The department said that as the strike entered its fourth day on Thursday, the department noted a high rate of staff absenteeism, intimidation of workers, as well as difficulties of access to health-care facilities, especially in the eThekwini, uMgungundlovu and Ilembe districts, which have been blockaded by the protesters.
“All of this has had a dire impact on various critical areas in the public health value chain, such as intensive care and high care units, emergency medical services, obstetric (maternity) wards, accidents and emergency units, orthopaedic wards, casualty, laboratory services, as well as medico-legal mortuaries. Elective surgery appointments have also had to be postponed,” the department said.
It said that senior management had been closely monitoring and evaluating the situation, and meeting at least twice a day, to ensure the most effective and adequate response to developments.
It also said that many health-care facilities had been affected in various ways, but those that have borne the brunt of the strike were in the aforementioned districts.
“The department has had to implement a contingency plan which entails, among others, the rationing of resources where possible, beefing up of security, as well as alternative means of food supply,” the department said.
It said it remains extremely concerned that health-care professionals, with sworn allegiance to professional oaths, were intimidating their colleagues and preventing the public from accessing health care, which is a human right.
“The department is trying everything within its power to mitigate the impact of the strike, including the expeditious completion of post-mortems,” the department said.
“While the department continues to monitor the situation closely, we nevertheless wish to appeal to the public to be patient and co-operative, especially where post-mortems may not be completed on time.”
Meanwhile, the parliamentary health portfolio committee chairperson Dr Kenneth Jacobs has called on employers and workers to settle wage disputes to end ongoing strikes.
Jacobs called upon the government and the labour unions to find solutions to the wage disputes which have led to the ongoing strikes and violence at certain hospitals.
Jacobs said the strike denied South Africans of their constitutional right to genuine health care, because patients were unable to access surgeries and dispensaries, among other things.
Furthermore, desperately sick, hospitalised South Africans and those referred to hospitals by clinics are to receive health care services, due to the ongoing disruptive strikes.
Jacobs said that the parties involved in the wage impasse needed to find an amicable arrangement so that health-care workers could go back to work.
“We urge the parties, Nehawu and the employer to find immediate solutions to the dispute,” Jacobs urged.
He said that while they understood the right of employees in the public sector to affiliate themselves with trade unions and to strike in accordance with the labour relations laws of the country, it is important to note that health care was an essential service and patients should not be deprived of access. Personnel participating in the strike should not intimidate health-care workers through violent behaviour or forcibly remove staff from their workstations.
Jacobs also praised health-care workers, such as interns, doctors and specialists, who worked in areas of the value chain to ensure that patients were taken care of so that the system did not collapse.
Meanwhile, an urgent meeting that was expected to be held in KZN by the health portfolio committee chairperson had been called off because of the volatile situation at several health facilities.
Protesting Nehawu members have brought some hospitals in KZN to a complete standstill.
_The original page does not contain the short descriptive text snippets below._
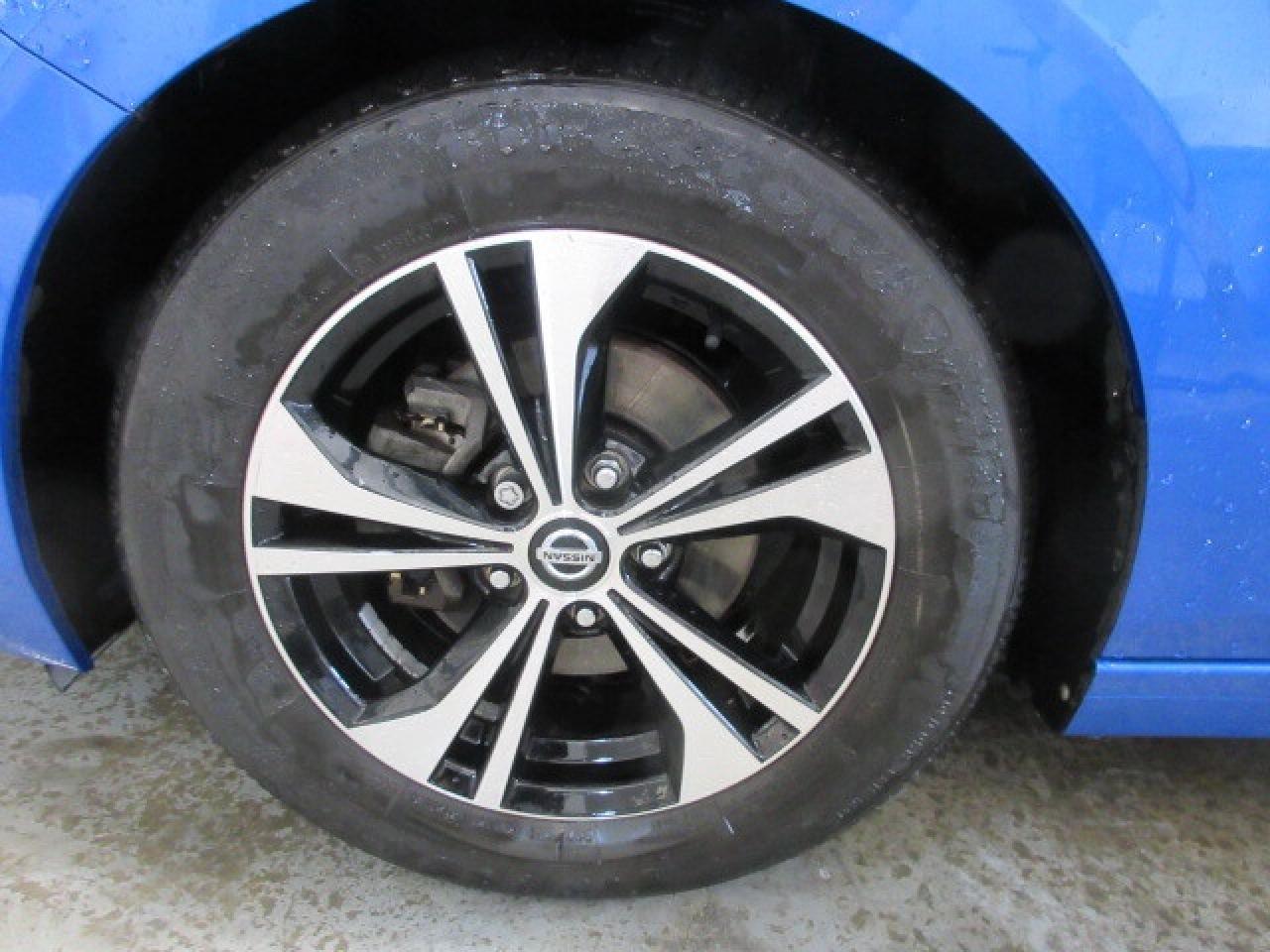 2021 Nissan Sentra SV, ROOF, HTD. SEATS, ALLOYS, APPLE/ANDROID, 47K! Photo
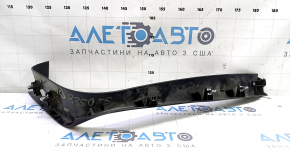 Обшивка двери багажника правая Jeep Patriot 11-17 черная, царапина, потертость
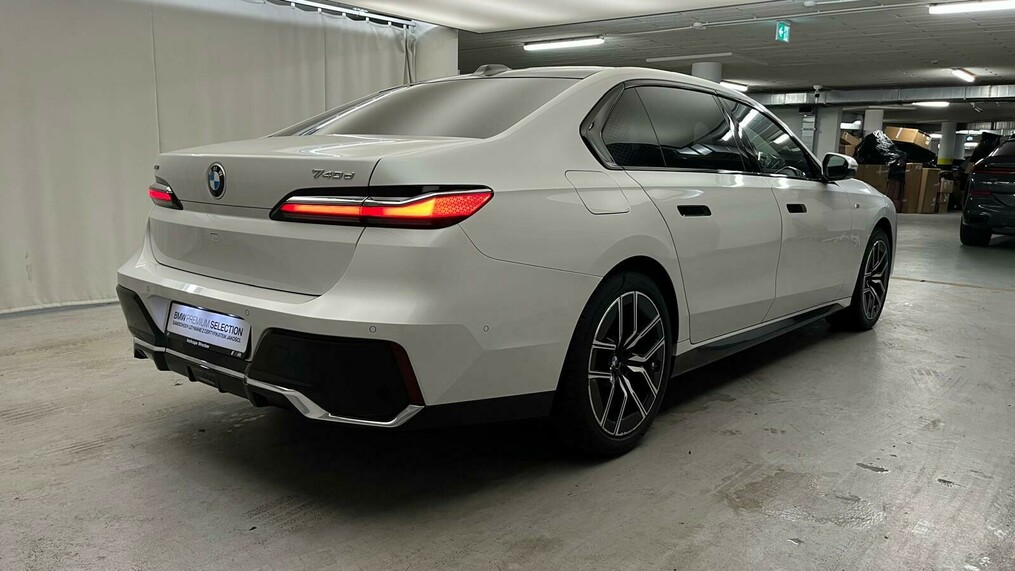 BMW Serii 7, 740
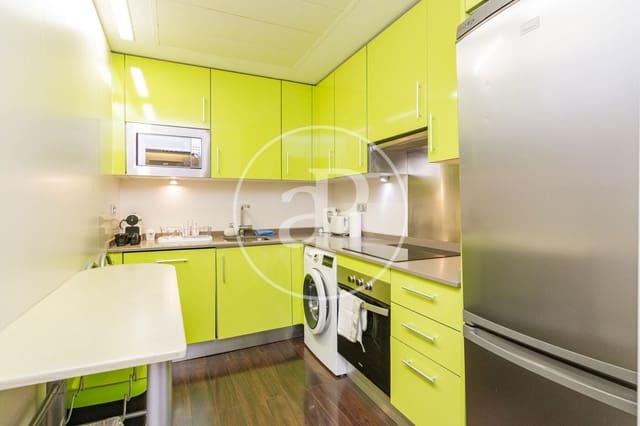 2 bedroom Apartment for rent in Argüelles, Madrid city with pool - € 3,750 (Ref: 8767160)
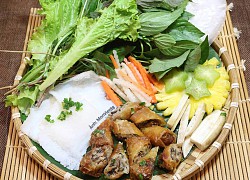 Trưa nay ăn gì: Bữa trưa dân dã cùng bánh hỏi chả giò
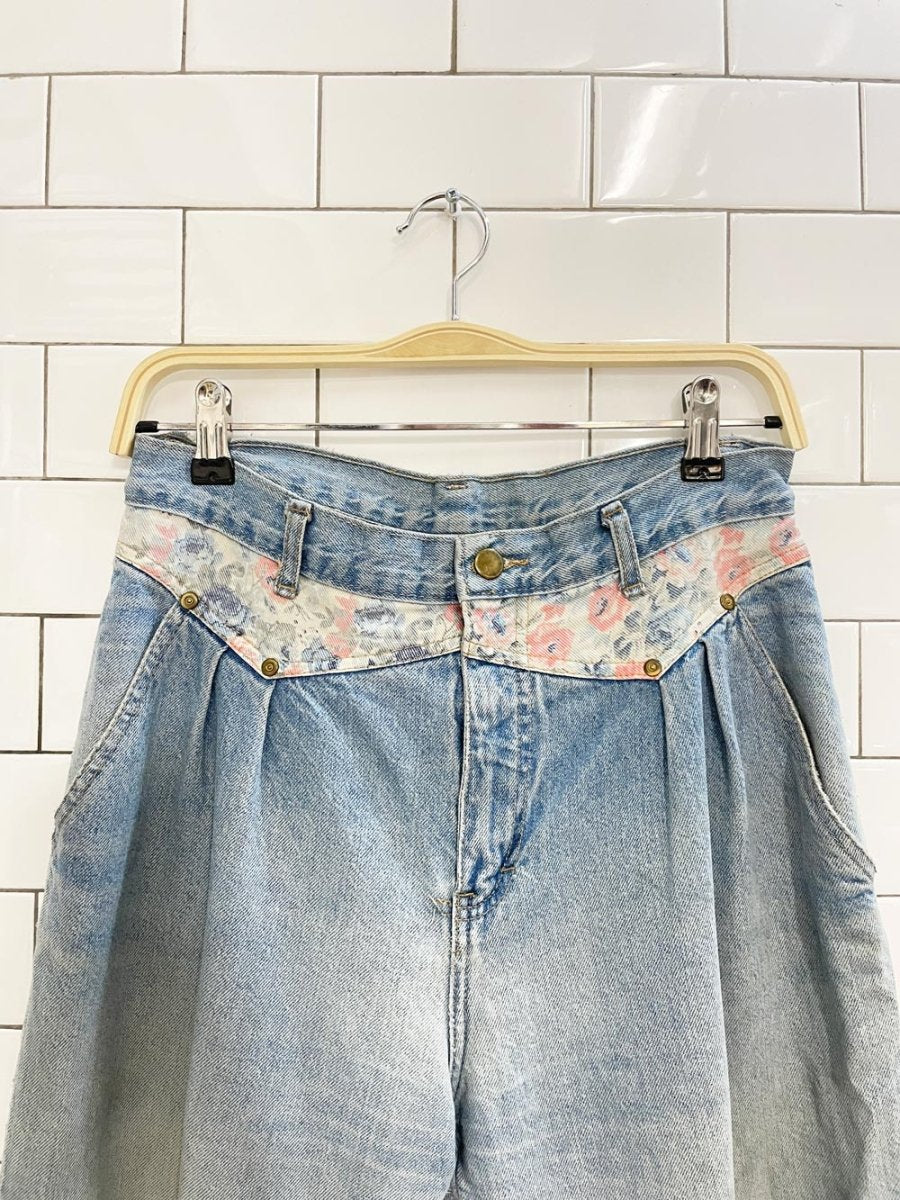 vintage 90s bluenotes floral waist tapered jeans - good market thrift store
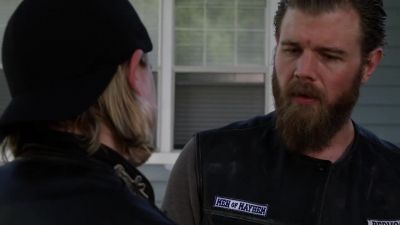 Look, you trying to push me
off this thing that happened... - Sons of Anarchy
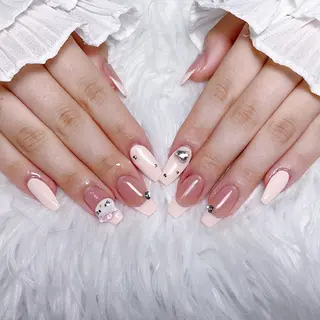 ネイル 🌈Yun nail hyejin💋のネイルデザイン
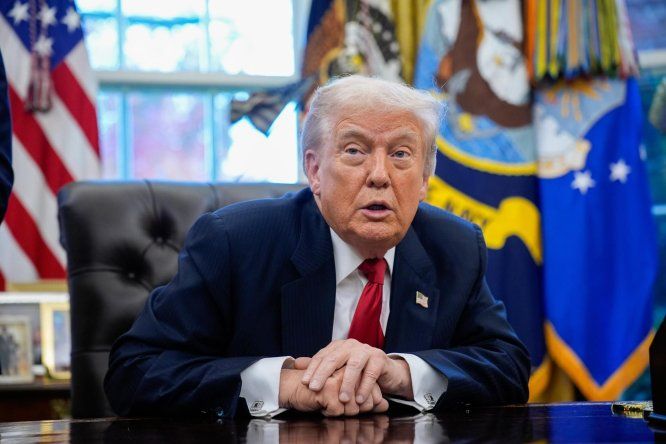 El presidente de Estados Unidos, Donald Trump, habla durante en la Oficina Oval de la Casa Blanca.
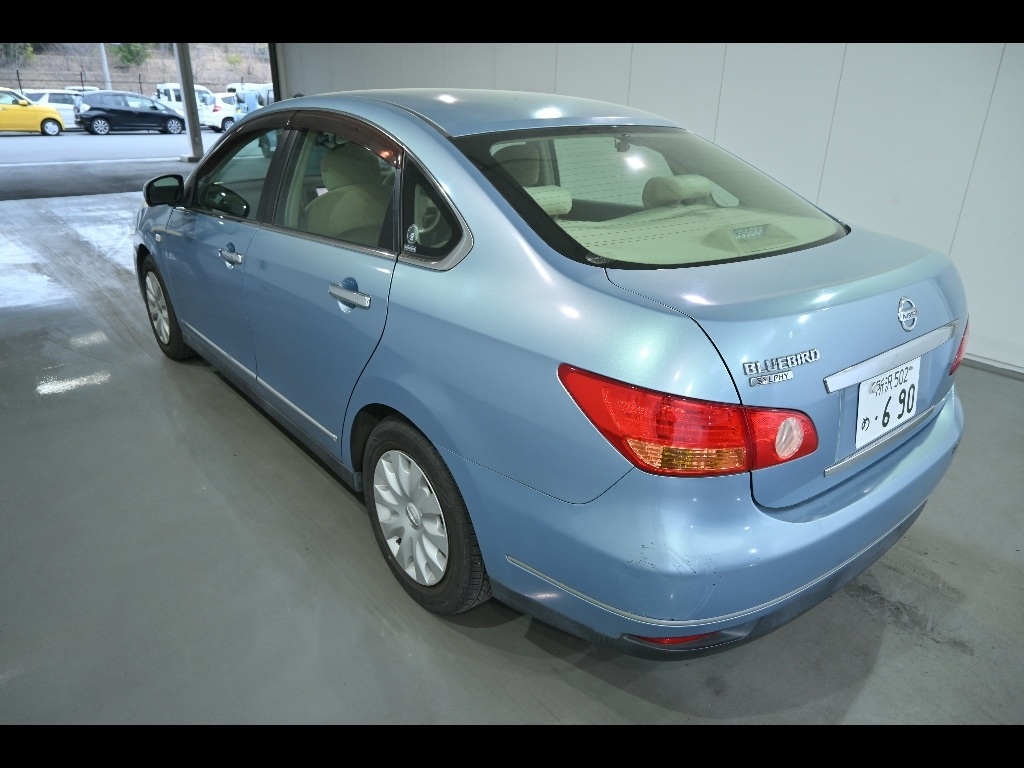 NISSAN BLUEBIRD SYLPHY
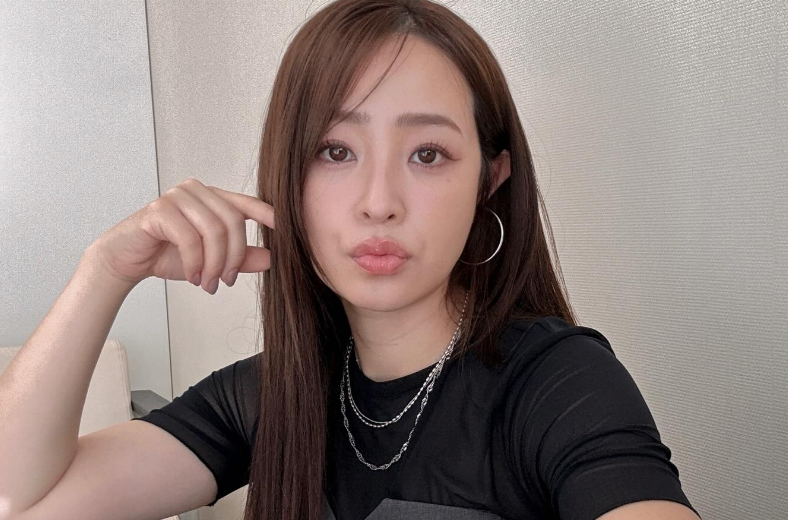 大沢あかね　顔変わった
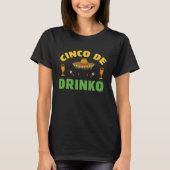 Cinco De Mayo Burritos  Mexico Tacos and Avocado   Tシャツ (正面)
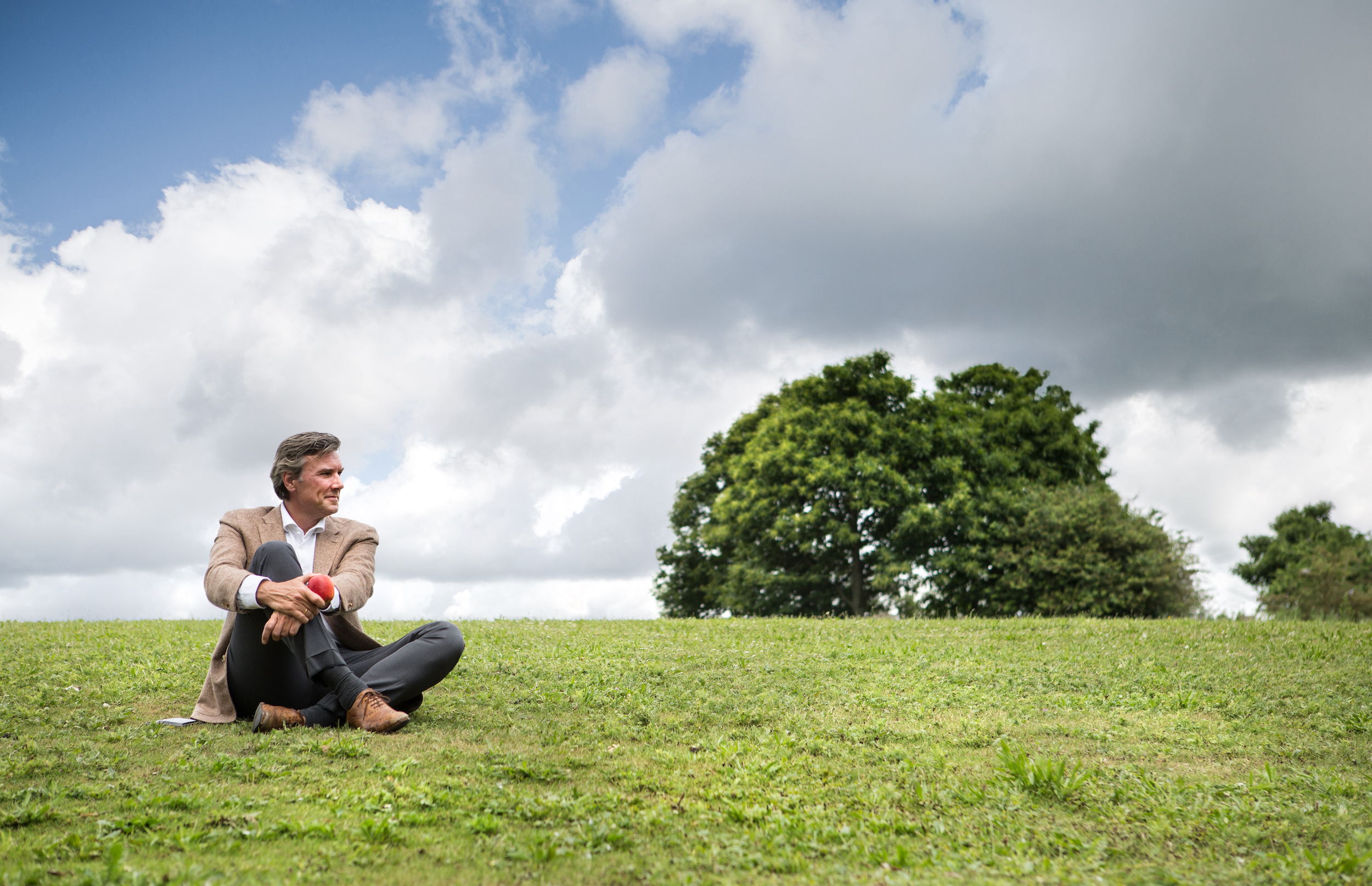 cardioloog zit op heuvel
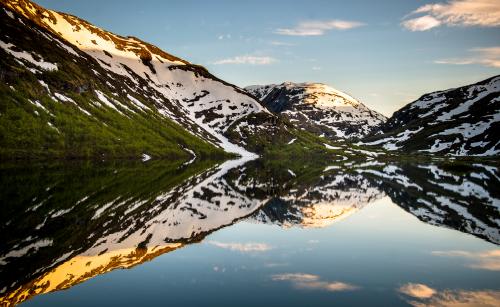 ソグネフィヨルドは通年楽しめます.(c)Sverre Hjornevik  www.fjordnorway.com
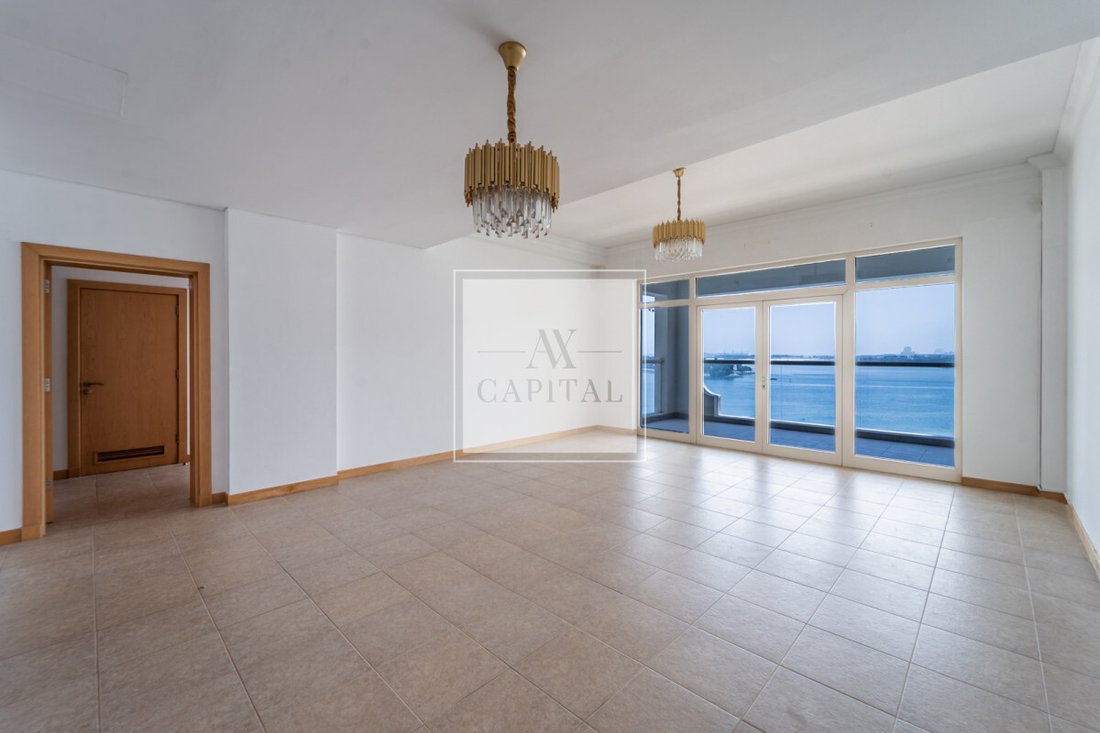 Apartment in JLT / Jumeirah Lakes Towers, Dubai, United Arab Emirates 1 - 19095333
They are demanding a 10% salary increase. The government previously tabled a 3% increase.
KZN legislature spokesperson Wesley Canham said the meeting was called by the health portfolio committee chairperson, Nomakiki Majola, to discuss the impact the public service strike was having on health service delivery in the province.
“Members, let me apologise for calling an urgent meeting on the day of party caucuses, it's because of the situation faced by our communities where they cannot get their right to health due a public service strike. We must always be on the side of the public. Looking at the situation, things are bad. We are not immune to what is felt by communities at this point,” Majola said when inviting members of the committee to the meeting.
The meeting was expected to be held on March 9 and the outcome was expected to be shared afterwards.
Officials from the Department of Health were expected to present reports on the impact of the strike.
Canham said: “The urgent meeting has just been called off due to the volatile situation in various health institutions and therefore the officials of the department have to attend to such. We will inform you of the next sitting of this important meeting.”